Round the Bay Relay and Ultra

LogoSince we missed the Turkey Burn AR and there weren’t any adventure races close to us between now and the Resolution AR in January, we decided to sign up for the Round the Bay Relay and Ultra.  Stu was visiting his family in south Florida and couldn’t make it, so we ran it as a 2-person relay.  The day prior to the race, the forecast called for 100% rain with up to 1 inch per hour and temps in the low 50’s.  Let’s just say that neither Ana nor I were very excited by this.  We live in Florida so we don’t do cold weather very well and we consider anything less than 70 degrees to be cold.  We made a late night decision to run to Columbia at Silver Sands Outlet to look for rain gear that we could wear during the race.  Ana got a sweet deal on the Compounder rain jacket and I chose the Tech Attack.  There are some really nice benefits to living close to an outlet mall as the prices were much lower than retail.  We also scored some new gloves.  Paired with our Under Armour cold gear that we got before Tough Mudder, we were set.

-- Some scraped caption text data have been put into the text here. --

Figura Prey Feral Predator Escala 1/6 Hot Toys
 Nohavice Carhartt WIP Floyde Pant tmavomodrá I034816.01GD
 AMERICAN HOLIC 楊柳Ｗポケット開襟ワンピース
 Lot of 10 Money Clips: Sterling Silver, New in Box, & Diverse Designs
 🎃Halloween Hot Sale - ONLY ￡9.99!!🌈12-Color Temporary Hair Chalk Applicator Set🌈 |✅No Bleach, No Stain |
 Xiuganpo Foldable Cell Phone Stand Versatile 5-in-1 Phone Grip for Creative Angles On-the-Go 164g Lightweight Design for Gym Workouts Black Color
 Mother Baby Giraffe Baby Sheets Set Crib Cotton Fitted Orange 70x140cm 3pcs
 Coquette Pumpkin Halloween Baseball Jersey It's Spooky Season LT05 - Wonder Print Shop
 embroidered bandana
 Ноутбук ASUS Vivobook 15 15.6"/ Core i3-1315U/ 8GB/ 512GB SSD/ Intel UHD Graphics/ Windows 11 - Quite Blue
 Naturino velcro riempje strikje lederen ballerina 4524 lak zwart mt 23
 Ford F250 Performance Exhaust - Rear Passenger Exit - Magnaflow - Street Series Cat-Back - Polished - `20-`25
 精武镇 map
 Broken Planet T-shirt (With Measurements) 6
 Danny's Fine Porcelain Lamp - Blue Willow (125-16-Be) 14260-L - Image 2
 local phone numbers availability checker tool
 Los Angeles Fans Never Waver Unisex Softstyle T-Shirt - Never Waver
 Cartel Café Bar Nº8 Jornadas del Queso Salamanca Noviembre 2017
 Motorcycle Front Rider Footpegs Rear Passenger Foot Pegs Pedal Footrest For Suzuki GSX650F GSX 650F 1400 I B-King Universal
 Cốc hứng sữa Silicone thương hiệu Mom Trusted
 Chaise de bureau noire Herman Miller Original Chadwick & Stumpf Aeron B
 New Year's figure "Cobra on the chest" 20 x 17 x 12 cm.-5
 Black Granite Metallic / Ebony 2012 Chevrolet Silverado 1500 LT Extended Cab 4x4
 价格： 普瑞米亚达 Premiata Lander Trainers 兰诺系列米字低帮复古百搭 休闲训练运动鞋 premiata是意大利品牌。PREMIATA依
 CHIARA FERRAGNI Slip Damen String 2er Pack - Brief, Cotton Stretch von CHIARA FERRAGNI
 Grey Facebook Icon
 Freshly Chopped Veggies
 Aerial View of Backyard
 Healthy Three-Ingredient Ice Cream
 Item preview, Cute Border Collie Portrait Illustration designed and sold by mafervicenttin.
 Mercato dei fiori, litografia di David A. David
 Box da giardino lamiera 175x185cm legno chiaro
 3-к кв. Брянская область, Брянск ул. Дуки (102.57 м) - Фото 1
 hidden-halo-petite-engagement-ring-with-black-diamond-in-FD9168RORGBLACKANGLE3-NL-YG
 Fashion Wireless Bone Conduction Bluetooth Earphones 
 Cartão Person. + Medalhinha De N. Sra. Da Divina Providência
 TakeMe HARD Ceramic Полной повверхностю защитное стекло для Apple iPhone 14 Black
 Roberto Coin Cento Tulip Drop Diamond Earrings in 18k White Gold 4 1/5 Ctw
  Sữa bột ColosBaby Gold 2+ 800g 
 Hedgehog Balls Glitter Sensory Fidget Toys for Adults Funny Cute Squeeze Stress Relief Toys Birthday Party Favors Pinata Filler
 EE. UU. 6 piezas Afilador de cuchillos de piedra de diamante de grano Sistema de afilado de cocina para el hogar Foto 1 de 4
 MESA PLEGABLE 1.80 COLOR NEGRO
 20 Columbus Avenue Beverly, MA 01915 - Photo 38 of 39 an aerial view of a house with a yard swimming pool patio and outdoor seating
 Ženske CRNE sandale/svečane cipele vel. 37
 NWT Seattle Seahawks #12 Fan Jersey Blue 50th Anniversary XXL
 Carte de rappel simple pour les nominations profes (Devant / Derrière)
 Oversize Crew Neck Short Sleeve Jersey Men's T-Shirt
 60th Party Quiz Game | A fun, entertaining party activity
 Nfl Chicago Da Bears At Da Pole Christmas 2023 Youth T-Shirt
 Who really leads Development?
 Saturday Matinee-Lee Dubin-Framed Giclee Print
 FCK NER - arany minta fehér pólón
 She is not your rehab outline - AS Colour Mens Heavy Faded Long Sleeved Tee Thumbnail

Our start time was 6:30AM.  The race course started at Fudpucker’s on Okaloosa Island and made a giant loop around Choctawhatchee Bay for a total distance of 36.77 miles.


Luckily for us, the forecasted downpour stayed away.  While it drizzled the whole race and the temps started in the 40’s, the weather was much better than it could have been.

I thought that the relay format was a lot of fun and we look forward to doing it again next year but with a team rather than a pair.  Not because the mileage is too much, but rather because we think doing it as a team relay will make it a lot more fun.

I don’t have our official time but looking at the Runtastic GPS time, it appears that we averaged an 8:30 mile pace, which for us is pretty good.  The best part is that supposedly we burned 2550kcal each and so I feel no shame having eaten the pizza, beer and Oreos post race.